A few years ago we realised that we'd grown quite a bit as a church plant and looking
to review who we were as a fresh expression meant that we started to look at different
ways that we could actually reach out into our community. And one of the areas that were
were looking at is as we grew, what did we want to achieve through that. So we looked
at did we want to have a duplication of the same service, did we want to stay in where
we were in a local school or did we want to move out of the school or move part of the
church out of the school. And we had a leaders' away day and we were absolutely stymied on
every single question we asked. It was a fifty-fifty split across the leadership of the church.

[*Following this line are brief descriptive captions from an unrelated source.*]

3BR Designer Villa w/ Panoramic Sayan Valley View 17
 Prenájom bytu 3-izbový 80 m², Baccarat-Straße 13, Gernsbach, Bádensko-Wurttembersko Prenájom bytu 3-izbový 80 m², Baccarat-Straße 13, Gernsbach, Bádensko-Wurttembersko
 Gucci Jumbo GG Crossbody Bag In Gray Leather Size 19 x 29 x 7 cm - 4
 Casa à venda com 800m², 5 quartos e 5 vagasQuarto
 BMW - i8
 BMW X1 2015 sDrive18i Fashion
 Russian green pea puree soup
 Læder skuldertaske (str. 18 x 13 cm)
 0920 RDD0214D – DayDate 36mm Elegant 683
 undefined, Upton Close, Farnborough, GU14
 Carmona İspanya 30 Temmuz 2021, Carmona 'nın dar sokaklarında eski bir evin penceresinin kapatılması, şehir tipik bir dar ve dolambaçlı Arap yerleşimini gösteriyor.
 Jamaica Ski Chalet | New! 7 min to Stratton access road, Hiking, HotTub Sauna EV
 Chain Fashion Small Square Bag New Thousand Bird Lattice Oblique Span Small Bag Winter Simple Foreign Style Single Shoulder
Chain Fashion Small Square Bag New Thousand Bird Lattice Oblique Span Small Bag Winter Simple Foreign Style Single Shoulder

And so we left it for a while. We put it on hold and said let's carry on praying, see
what God's saying to us. And then a few months later I was approached by a local incumbent,
Mother Angela Gbebikan of St Michael's and St Paul's, asking whether we could come in
and help in one of their estates called the Roundshaw estate. And it was like the doors
had been totally opened to us. They couldn't be more helpful and... assisting us in planting
a new congregation into Roundshaw. And they even moved the time of their service to accommodate
us. And so we saw that as a really green light from God, being able to plant into a new parish,
into a new estate, looking to bring the strengths that we have in children and youth to help
extend God's kingdom into that estate.
We then looked to see who we could have as a core team to look at planting into Roundshaw.
And we were really blessed by a number of key leaders of the church coming and saying
they wanted to be part of it. We started off one of our churchwardens wanted to be part
of it, our administrator and actually another member of staff, Sue, who was our children
and families minister at the time, said that she'd felt a real sense of God calling her
to Roundshaw and so that was a huge answer to prayer.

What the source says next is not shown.